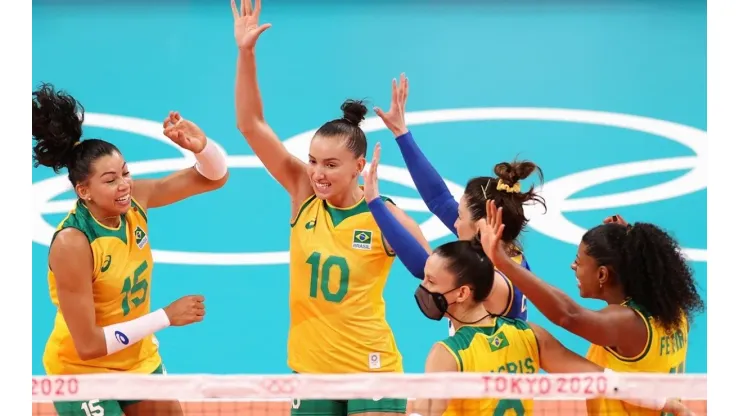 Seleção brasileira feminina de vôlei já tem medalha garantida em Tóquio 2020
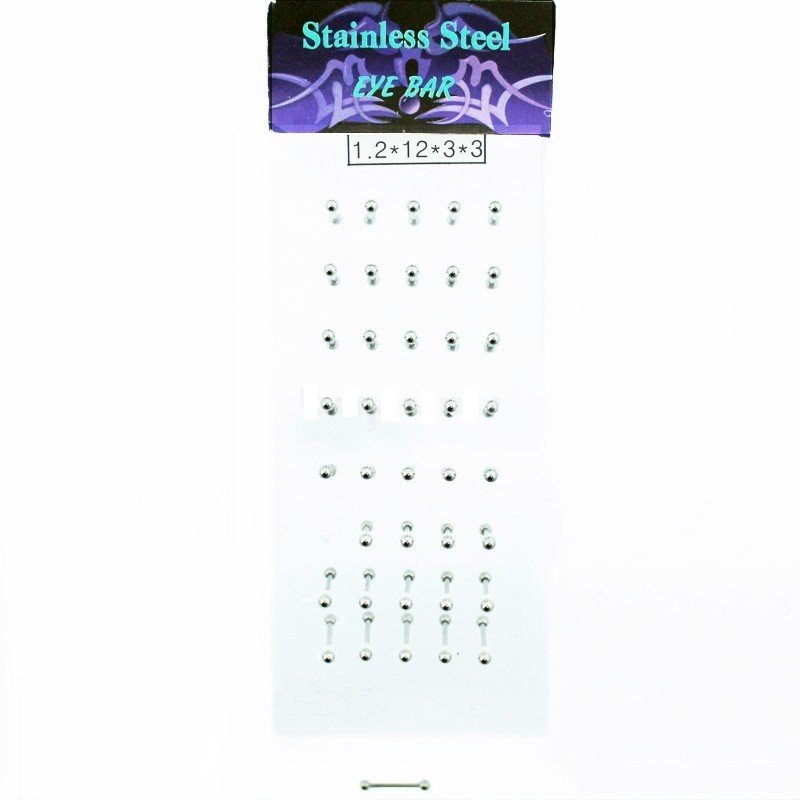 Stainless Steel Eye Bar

* * *

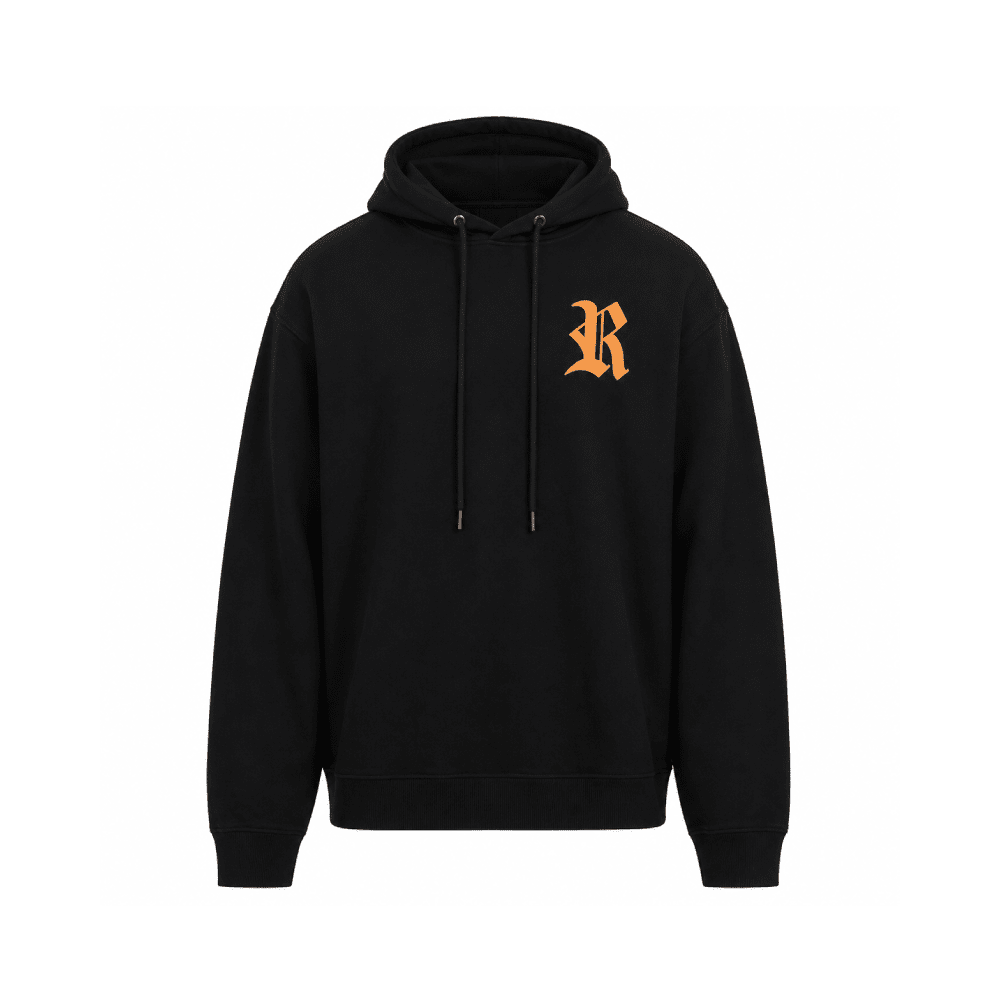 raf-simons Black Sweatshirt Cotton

EXERCISE DETAILS:
In the listing above, find the line containing "Seleção brasileira feminina". Output it and every line after it up to and including the line containing "Stainless Steel Eye Bar", exactly, but skip the pictures.

WRITTEN RESPONSE:
 Seleção brasileira feminina de vôlei já tem medalha garantida em Tóquio 2020
 Stainless Steel Eye Bar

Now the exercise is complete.